### [Brief]
Please repeat, exactly and without pictures, the lines of the entries below that run from the one containing "PALLET OF CHRISTMAS AND DECOR" through the one containing "Christmas Delft Snowflake Corner".

### [Provided information]

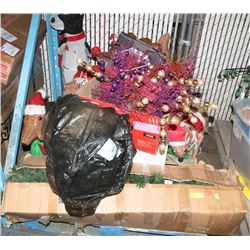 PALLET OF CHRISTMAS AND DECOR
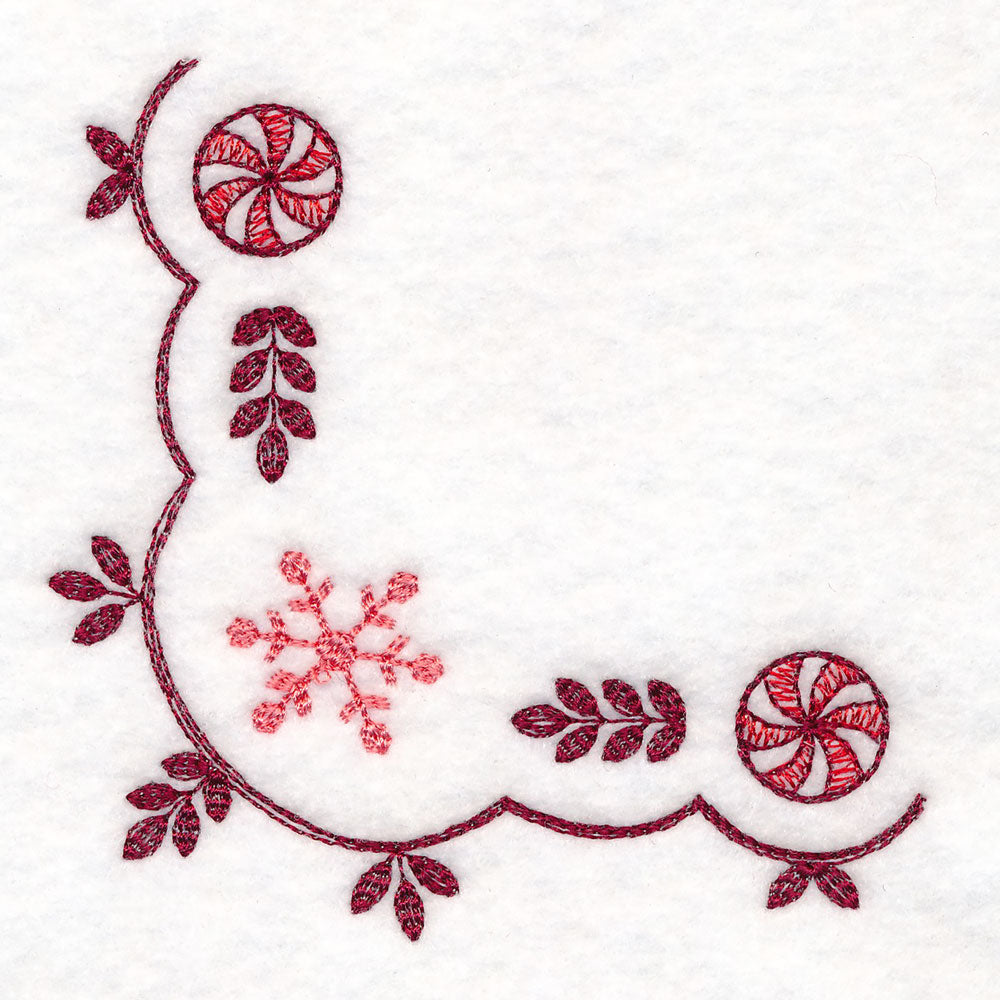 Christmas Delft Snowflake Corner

...

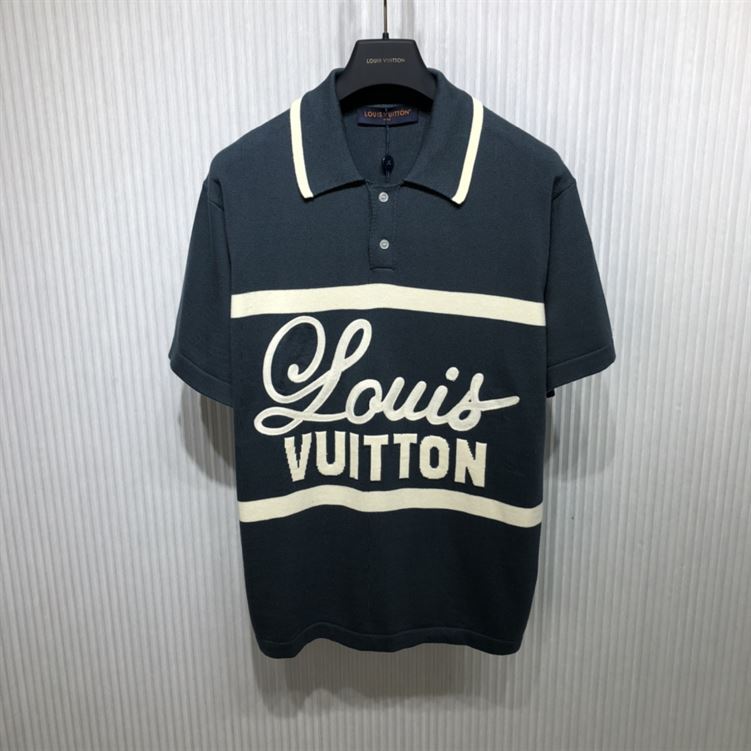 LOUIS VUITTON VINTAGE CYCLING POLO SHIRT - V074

### [Solution for this task]
 PALLET OF CHRISTMAS AND DECOR
 Christmas Delft Snowflake Corner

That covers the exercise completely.